UNA vez que se han convocado nuevas elecciones, disueltas las Cortes, procedería recapitular de lo actuado. Pero voy a seguir el consejo regio de no cansar más al electorado -en mi caso, a los lectores-, echando un caritativo velo a los protagonistas de esta tragicomedia, del quiero pero no puedo, con el estrambote del alcalde de Sueca, al que llaman Baldo, que con sus cuatro diputados y no todos de acuerdo, quiso resolver en el último minuto, la cuestión de la investidura, con su propuesta de gobierno. Por ello, y en su lugar, les voy a contar mi viaje a Barcelona, en lo que me he ocupado el último fin de semana.

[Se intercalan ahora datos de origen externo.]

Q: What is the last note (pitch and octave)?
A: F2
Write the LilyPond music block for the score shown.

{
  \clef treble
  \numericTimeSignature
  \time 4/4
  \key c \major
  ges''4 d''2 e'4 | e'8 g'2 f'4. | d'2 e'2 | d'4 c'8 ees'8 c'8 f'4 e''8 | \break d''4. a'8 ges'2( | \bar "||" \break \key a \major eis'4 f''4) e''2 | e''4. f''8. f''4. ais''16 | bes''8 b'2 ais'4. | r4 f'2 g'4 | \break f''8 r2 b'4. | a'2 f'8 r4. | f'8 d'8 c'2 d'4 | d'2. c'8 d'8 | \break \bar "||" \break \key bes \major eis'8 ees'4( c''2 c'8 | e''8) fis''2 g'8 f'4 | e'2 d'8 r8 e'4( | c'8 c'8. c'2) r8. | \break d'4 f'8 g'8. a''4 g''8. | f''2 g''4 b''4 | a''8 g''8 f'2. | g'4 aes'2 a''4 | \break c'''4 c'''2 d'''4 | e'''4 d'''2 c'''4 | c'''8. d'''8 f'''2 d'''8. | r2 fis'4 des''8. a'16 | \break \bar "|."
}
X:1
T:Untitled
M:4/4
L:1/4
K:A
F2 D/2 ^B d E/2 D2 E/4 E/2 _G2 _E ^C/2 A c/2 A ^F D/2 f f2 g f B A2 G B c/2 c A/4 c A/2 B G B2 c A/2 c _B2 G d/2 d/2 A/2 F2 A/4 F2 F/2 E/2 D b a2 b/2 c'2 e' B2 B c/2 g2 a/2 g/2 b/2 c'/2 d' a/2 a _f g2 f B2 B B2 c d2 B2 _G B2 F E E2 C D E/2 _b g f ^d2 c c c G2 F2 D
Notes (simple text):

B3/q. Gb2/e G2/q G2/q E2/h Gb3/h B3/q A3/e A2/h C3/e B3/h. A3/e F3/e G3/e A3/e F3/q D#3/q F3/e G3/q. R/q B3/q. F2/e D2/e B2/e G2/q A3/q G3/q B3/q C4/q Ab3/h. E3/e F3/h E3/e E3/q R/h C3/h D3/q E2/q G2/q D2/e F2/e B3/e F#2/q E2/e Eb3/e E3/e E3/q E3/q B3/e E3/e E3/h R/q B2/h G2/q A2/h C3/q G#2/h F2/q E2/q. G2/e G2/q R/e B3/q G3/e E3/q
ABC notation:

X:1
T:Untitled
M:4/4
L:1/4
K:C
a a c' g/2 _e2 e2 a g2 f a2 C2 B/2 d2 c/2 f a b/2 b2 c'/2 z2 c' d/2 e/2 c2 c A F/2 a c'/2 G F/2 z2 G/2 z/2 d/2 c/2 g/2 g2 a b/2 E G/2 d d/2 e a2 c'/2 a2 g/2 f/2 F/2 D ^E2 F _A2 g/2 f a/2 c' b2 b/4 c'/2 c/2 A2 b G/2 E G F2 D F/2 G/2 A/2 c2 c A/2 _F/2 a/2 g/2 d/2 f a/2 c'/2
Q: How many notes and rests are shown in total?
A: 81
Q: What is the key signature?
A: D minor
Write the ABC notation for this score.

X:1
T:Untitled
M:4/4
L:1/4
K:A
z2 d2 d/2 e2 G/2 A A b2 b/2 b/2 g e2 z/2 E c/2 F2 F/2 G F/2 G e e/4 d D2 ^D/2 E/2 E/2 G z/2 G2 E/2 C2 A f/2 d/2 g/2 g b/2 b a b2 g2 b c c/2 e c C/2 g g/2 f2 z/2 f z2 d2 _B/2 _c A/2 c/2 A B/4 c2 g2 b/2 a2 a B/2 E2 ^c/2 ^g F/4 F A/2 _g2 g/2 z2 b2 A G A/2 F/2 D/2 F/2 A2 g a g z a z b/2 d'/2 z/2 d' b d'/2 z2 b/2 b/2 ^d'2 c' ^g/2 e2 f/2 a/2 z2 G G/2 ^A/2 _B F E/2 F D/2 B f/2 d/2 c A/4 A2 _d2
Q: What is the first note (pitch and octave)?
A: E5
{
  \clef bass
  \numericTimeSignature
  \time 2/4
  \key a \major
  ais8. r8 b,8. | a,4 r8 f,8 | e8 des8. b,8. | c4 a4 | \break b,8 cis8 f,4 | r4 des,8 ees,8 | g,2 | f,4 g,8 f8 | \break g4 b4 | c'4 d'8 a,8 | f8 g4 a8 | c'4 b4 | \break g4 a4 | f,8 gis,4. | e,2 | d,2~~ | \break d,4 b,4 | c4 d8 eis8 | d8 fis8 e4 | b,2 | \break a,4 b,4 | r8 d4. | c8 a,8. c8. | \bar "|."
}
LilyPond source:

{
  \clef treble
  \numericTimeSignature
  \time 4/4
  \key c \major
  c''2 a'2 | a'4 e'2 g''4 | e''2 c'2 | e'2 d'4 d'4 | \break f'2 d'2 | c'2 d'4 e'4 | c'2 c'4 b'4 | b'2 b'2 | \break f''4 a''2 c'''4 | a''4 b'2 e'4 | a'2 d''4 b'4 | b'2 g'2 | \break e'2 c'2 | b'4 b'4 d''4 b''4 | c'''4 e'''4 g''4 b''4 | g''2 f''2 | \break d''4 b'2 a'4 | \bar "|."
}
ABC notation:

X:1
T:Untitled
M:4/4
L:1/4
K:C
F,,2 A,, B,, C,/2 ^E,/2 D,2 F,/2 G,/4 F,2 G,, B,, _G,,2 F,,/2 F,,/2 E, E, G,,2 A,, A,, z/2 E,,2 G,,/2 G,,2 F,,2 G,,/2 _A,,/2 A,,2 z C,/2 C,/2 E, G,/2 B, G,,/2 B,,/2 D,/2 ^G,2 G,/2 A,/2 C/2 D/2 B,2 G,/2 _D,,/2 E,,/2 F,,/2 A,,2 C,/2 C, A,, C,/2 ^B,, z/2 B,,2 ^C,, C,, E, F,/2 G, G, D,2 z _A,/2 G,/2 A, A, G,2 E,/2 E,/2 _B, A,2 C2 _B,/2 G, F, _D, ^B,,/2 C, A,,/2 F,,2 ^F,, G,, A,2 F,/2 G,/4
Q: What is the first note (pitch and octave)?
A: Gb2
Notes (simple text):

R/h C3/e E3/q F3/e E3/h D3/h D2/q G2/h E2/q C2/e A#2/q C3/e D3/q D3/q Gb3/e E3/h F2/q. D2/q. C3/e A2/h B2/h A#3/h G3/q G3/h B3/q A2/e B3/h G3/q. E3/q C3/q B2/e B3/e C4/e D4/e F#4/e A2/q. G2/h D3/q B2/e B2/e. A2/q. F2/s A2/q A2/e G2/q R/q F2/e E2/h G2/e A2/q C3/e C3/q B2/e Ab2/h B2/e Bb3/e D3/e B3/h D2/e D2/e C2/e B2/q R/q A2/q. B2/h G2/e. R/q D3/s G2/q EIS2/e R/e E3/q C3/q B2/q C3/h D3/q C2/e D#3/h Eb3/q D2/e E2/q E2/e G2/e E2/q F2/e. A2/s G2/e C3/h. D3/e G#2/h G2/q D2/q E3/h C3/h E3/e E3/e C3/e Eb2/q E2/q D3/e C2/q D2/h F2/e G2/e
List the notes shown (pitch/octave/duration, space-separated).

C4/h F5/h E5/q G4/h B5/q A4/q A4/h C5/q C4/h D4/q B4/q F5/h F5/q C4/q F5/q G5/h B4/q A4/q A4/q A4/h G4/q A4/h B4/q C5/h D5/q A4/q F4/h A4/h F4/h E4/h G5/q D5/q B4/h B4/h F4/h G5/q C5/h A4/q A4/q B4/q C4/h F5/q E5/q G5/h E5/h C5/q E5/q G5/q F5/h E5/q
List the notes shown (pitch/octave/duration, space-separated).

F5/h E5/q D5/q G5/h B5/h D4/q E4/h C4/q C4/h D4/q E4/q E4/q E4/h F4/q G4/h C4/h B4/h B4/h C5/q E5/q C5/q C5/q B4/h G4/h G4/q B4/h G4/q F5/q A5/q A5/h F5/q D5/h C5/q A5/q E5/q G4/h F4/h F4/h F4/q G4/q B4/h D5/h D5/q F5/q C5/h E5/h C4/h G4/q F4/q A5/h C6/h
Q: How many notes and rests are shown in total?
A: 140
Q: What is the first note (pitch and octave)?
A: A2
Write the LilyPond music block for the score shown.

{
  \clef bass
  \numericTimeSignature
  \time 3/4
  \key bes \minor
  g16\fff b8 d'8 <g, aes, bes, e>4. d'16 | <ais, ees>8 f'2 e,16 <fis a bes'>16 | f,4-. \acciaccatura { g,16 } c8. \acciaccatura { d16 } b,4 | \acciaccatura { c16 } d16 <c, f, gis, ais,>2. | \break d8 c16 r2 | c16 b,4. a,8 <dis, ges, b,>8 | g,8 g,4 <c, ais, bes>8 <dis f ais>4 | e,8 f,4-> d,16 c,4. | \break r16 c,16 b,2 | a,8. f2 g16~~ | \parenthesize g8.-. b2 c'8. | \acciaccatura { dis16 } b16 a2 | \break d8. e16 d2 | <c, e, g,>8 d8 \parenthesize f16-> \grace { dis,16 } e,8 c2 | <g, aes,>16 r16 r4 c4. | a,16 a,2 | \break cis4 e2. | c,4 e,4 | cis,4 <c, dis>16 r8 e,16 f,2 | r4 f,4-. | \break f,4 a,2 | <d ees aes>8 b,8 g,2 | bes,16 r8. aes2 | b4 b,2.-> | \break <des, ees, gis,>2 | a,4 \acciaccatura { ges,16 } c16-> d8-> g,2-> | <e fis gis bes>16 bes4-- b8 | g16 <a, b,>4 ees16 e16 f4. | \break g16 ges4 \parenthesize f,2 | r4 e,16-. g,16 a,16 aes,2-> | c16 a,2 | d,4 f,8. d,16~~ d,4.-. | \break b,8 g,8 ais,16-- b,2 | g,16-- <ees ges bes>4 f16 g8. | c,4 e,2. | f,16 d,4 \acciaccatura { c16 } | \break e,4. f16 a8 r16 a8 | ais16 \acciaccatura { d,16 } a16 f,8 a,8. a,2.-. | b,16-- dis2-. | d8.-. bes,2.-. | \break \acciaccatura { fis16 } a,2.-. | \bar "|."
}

Hacía muchos años que no la visitaba y la mayor de mis nietos, que allí trabaja, nos convenció, para que fuéramos a verla. Hay un vuelo directo desde Jerez de la Frontera, con vuelta, tan barato como incómodo, que en poco más de una hora te pone allí. Decir que Barcelona es una gran ciudad, con un trazado urbanístico de grandes vías y plazas en chaflán, es una obviedad. A ello se unen monumentos como la Catedral, el Palau de la Generalitat y el Ajuntament en el barrio gótico y los prodigios arquitectónicos que la burguesía catalana encargó a Gaudí. En mi último viaje, en 1976, la Sagrada Familia no se podía visitar, tan sólo contemplar la fachada del Nacimiento. Hoy se ha concluido otra fachada, la de la Pasión, y se ha iniciado la de Gloria. Las previsiones son que para 2026 se concluya totalmente la obra, con lo que, como las grandes catedrales, se habrá terminado en siglo y medio.

El sábado, en un día soleado, se celebraba el día de Sant Jordi y todos, vecinos y turistas, se habían echado a las calles, en búsqueda de un libro y de una rosa. En las afueras se celebraba la Feria Andaluza. Visitamos La Pedrera, otra obra maestra del arquitecto catalán, que le encargó la familia Milá. El viaje se completó con la visita a Montserrat, en un tren que empalma con otro, cremallera o funicular, a elección, y como me gusta la montaña, creo que en España no hay otra que impresione más. Allí, frente a la Moreneta, a la que visitaban en un incesante desfile, oímos la misa dominical y el oficiante, un viejo benedictino, pese a que ninguno de los fieles presentes hablaba catalán (como pudo deducir de la falta de respuestas) pronunció la homilía en esta lengua. En Montserrat presenciamos el espectáculo de teatro y danza del Santo Cristo de Salomón, que relata una historia medieval, protagonizado por los vecinos. Les aconsejo la visita, mientras no sea necesario el pasaporte.